READ ALSO: JUST IN: NIGERIA’S INFLATION DROPS FOR FIFTH CONSECUTIVE TIME – NBS
Stakeholders Push Back
Farmers and millers insist that pronouncements alone cannot override market forces or compensate for poor planning.
“The cost of food will only go down if transport costs and input costs go down,” said Kabir Ibrahim, National President of the All Farmers Association of Nigeria (AFAN). “Prices are now so low that farmers cannot buy fertiliser. Importation has dealt with our farmers.”
Peter Dama, who chairs the Competitive African Rice Forum, argued that the government’s approach risks alienating private operators and discouraging investment. “You don’t just order prices to crash,” he said. “At best, the government should have convened stakeholders and provided subsidies. Pronouncements without engagement will not work.”

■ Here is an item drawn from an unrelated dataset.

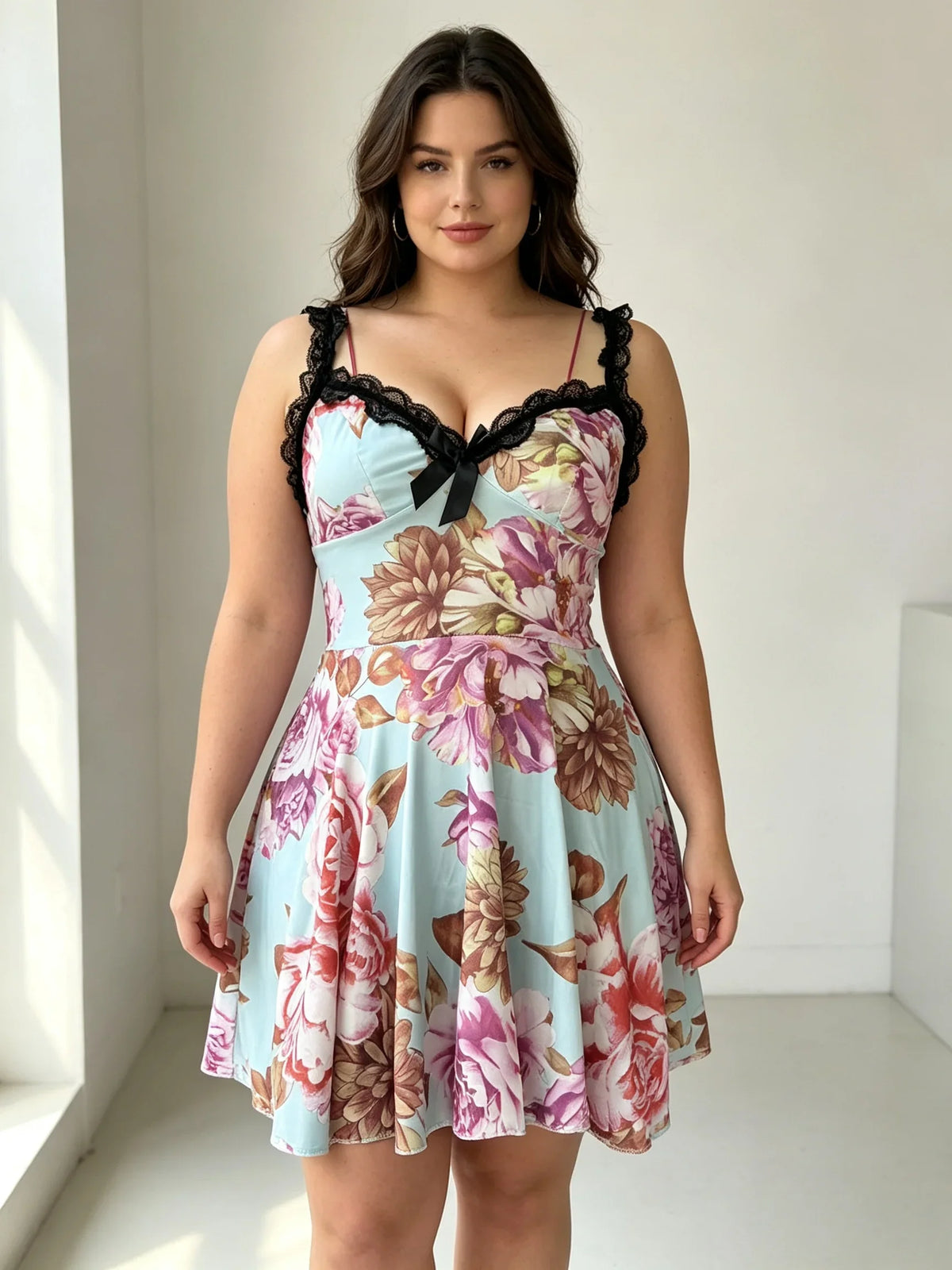 European and American large-size sexy spaghetti strap pajamas and nightgowns with lace trim, can be worn outside, charming women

Dama warned that persistent importation and lack of support were forcing many farmers to quit agriculture. “We are not in an autocratic government. Stakeholders must be carried along.”
Mechanisation Delays
Stakeholders also criticised delays in mechanisation efforts. In July 2024 the government launched 2,000 tractors to support farmers, but more than a year later none have been distributed. “The tractors were launched in July but no modalities have been given,” Ibrahim said. “We need them to support human labour with machine power.”
A senior Agriculture Ministry official, who requested anonymity, confirmed that the distribution list is awaiting presidential approval. “Such directives involve trade, finance, customs and investment ministries,” the official said. “A technical committee will address stakeholders’ concerns.”
Farmers further argue that Nigeria’s weak purchasing power is blunting the effect of falling prices.
“Even if food prices fall, people don’t have the money to buy,” Ibrahim stressed. Other stakeholders echoed his view, warning that without urgent subsidies for inputs and stronger consumer demand, food insecurity will deepen.
Fallout from Duty-Free Imports
Critics blame much of the current disruption on the 180-day duty-free window introduced in July 2024, which allowed licensed firms to import staples such as maize, husked brown rice, wheat, beans and millet without duties or tariffs. Although intended as a stopgap against food inflation, the policy ended in December 2024 and triggered a rush of imports without addressing Nigerians’ weakened purchasing power.
According to Ibrahim, government silos and private warehouses are now filled with unsold food. “Maize that once sold for ₦60,000 per tonne now goes for ₦30,000. Farmers cannot recover input costs,” he said.
Chinasa Asonye, National Secretary of the Small-Scale Women Farmers Organisation in Nigeria, added that high input costs and poor-quality subsidised products have crippled production. “Some of the subsidised inputs distributed were expired and caused more harm than good,” she said. She also accused traders and agencies of hoarding grains in anticipation of higher prices, only to suffer losses when prices fell.
Way Forward
Stakeholders agree that piecemeal interventions—duty-free waivers, directives to crash food prices, or delayed tractor distribution—cannot solve Nigeria’s food crisis.
“Yes, reducing transport costs will bring some relief,” Dama said. “But government must also engage rice millers, farmers and private investors. Import licences should not replace real investment in local production.”
Asonye warned that small-scale farmers, especially women, face the greatest risks. “If farmers cannot break even, they will abandon production or resort to strike actions. That will deepen the food crisis.”
With agricultural imports climbing to ₦2.22 trillion in six months and local farmers struggling with input costs, storage challenges and poor purchasing power, the outlook for Nigeria’s food sector remains fragile. Unless subsidies, infrastructure support and stakeholder consultations become central to policy, experts warn, the country’s reliance on imports will continue to rise—at the expense of local production and long-term food security.